Ma questa mossa non è isolata: il mercato del GPL si sta ridisegnando, e ButanGas non è l’unico attore a muovere pedine. Anzi, la partita è più affollata di quanto i proclami green lascino intendere.

La scacchiera competitiva: chi vince e chi perde

Se ButanGas punta a rafforzarsi nel Mezzogiorno, il panorama competitivo mostra una partita più ampia, dove i grandi operatori non stanno affatto liquidando le posizioni, ma le stanno razionalizzando. Prendiamo Liquigas, primo operatore italiano nella distribuzione di GPL e GNL. Anche lei ha fatto shopping: ha acquisito circa 19.000 tonnellate annue di fornitura GPL da SIGL/Vulcangas, un’operazione che, per volumi, parla chiaro. Non si tratta di piccoli aggiustamenti di portafoglio, ma di consolidamento di quote in un mercato che, evidentemente, vale ancora la pena presidiare.

La dinamica è quella classica dei settori maturi: i player forti inglobano realtà più piccole, ottimizzano le reti, tagliano i costi di logistica e aumentano la pressione competitiva sui rivali. ButanGas, con l’acquisizione del ramo GPL di Calorgas – e, a monte, con quella di CariniGas, che già rientrava in un piano di crescita volto a sviluppare la propria rete distributiva attraverso acquisizioni strategiche e investimenti mirati – sta costruendo una presenza territoriale che potrebbe mettere in difficoltà gli operatori locali meno strutturati.

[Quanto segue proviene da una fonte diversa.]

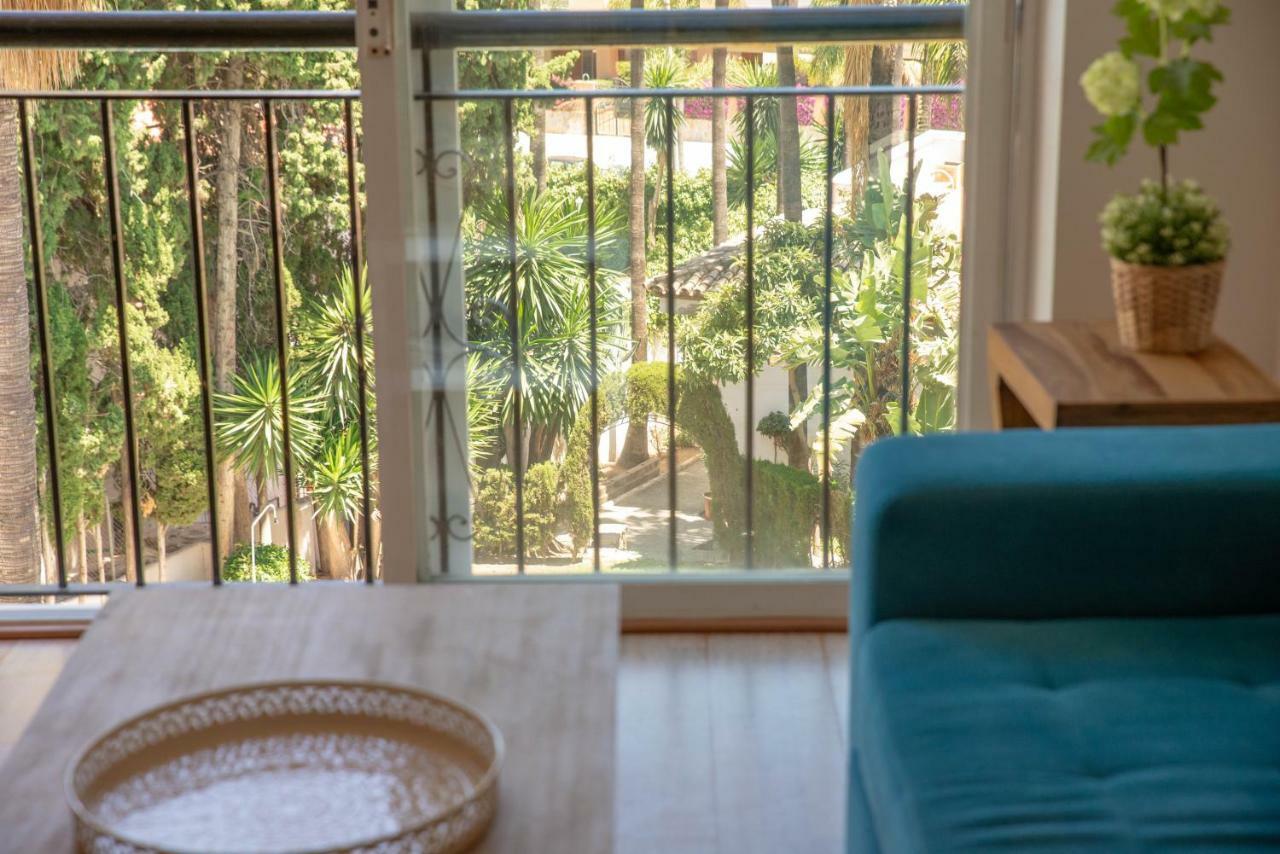 טורמולינוס Ola Blanca Apartment מראה חיצוני תמונה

Il messaggio implicito è: il GPL non sarà il combustibile del futuro, ma nel presente fa ancora soldi. E chi ha le spalle larghe si sta prendendo le fette migliori della torta, mentre i piccoli rischiano di essere schiacciati da un mercato che si restringe solo nei proclami, non nei bilanci delle big. Il rischio, per i consumatori, è quello di un’offerta sempre più concentrata, con margini di scelta ridotti e prezzi che potrebbero risentire di dinamiche oligopolistiche.

Mentre gli operatori si contendono il mercato, resta però una domanda scomoda: qual è il futuro del GPL nella transizione? Perché se le aziende investono, significa che vedono un orizzonte di redditività. Ma quell’orizzonte coincide con gli impegni climatici che l’Italia ha sottoscritto?

E la transizione? Domande aperte

Ora che il mercato si è mosso, la palla passa alla politica energetica. Il punto è che una politica chiara per il GPL, in Italia, non esiste. Lo si tollera come soluzione ponte, lo si esclude dai sussidi, ma non lo si affronta con una strategia che dica, con tempi certi e risorse adeguate, come si accompagneranno famiglie e imprese fuori da questa dipendenza. Il risultato è che il mercato va per conto suo: si consolida, si rafforza, si organizza. E quando – se – arriveranno le alternative, troveranno un tessuto economico e sociale già modellato attorno a un combustibile che nessuno ha avuto il coraggio di mandare in pensione per davvero.

Il consolidamento del GPL non è solo una partita tra aziende: è un test per la coerenza della transizione energetica italiana. Senza regole chiare, rischia di lasciare famiglie e imprese in un limbo tra passato fossile e futuro incerto. E ButanGas, nel frattempo, si è già comprata un altro pezzo di quel limbo.